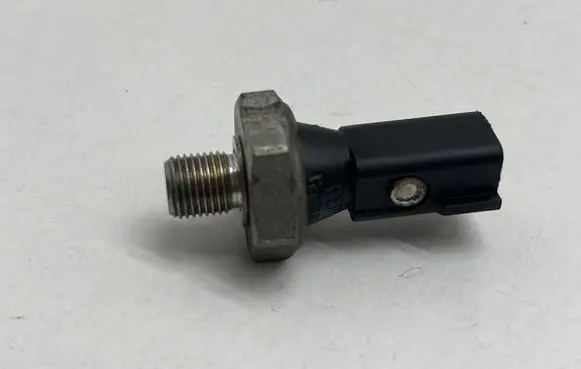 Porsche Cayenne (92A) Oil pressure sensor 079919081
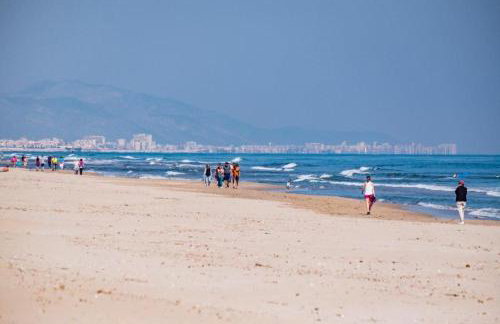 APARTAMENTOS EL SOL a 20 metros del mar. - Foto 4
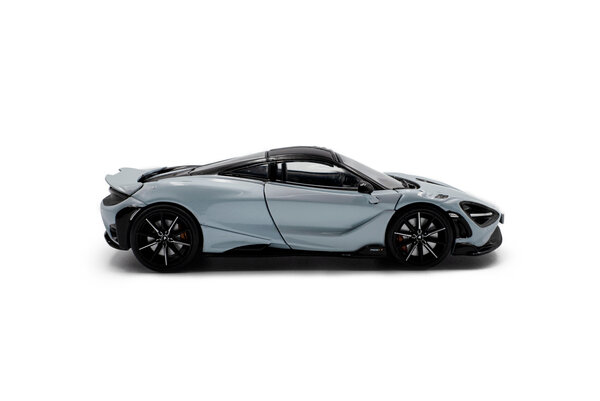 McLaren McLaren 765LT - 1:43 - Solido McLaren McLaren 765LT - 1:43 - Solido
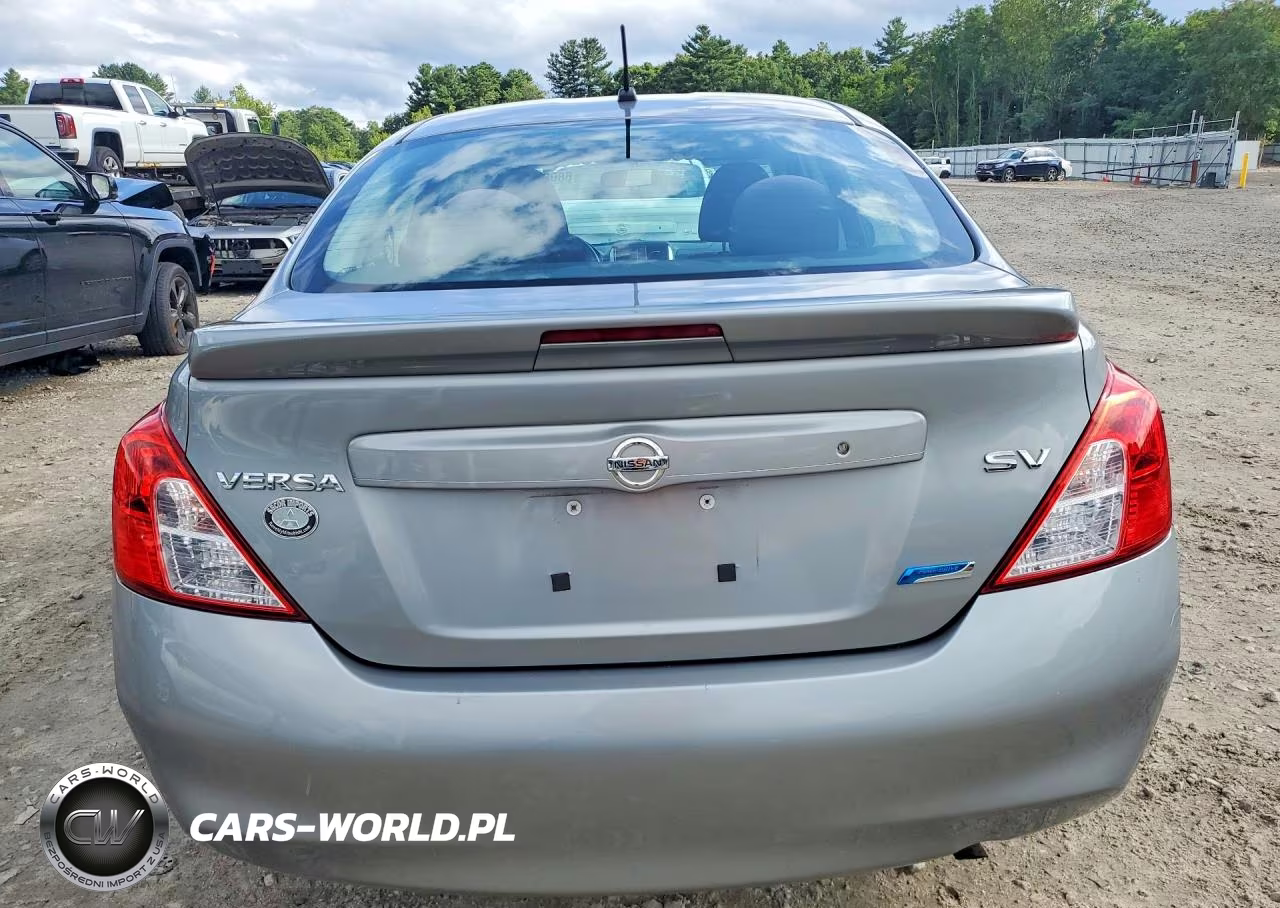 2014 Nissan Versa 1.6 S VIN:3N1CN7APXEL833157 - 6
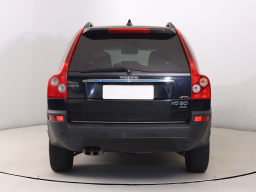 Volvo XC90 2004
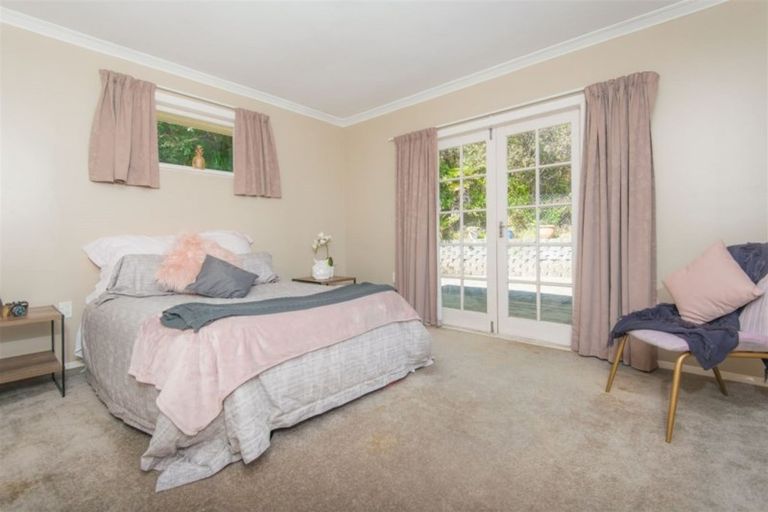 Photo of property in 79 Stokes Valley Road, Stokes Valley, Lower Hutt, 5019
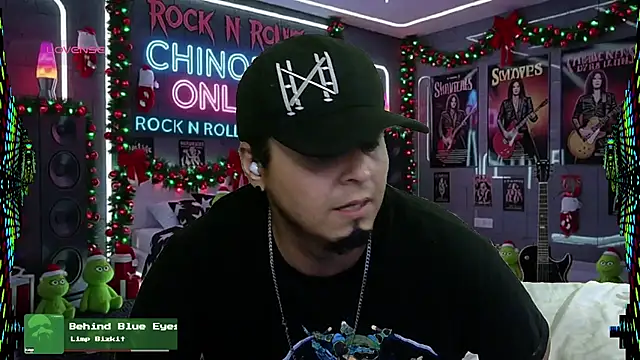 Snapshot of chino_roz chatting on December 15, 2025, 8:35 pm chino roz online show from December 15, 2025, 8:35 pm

==

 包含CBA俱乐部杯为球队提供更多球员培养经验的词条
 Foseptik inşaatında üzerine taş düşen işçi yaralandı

---

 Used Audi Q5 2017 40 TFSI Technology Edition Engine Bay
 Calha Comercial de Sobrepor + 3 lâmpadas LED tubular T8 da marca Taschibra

• Exercise:
Give again, exactly as written above, each line from the one that has "Porsche Cayenne (92A)" to the one that has "Photo of property", both included; omit the pictures.

• Answer section:
 Porsche Cayenne (92A) Oil pressure sensor 079919081
 APARTAMENTOS EL SOL a 20 metros del mar. - Foto 4
 McLaren McLaren 765LT - 1:43 - Solido McLaren McLaren 765LT - 1:43 - Solido
 2014 Nissan Versa 1.6 S VIN:3N1CN7APXEL833157 - 6
 Volvo XC90 2004
 Photo of property in 79 Stokes Valley Road, Stokes Valley, Lower Hutt, 5019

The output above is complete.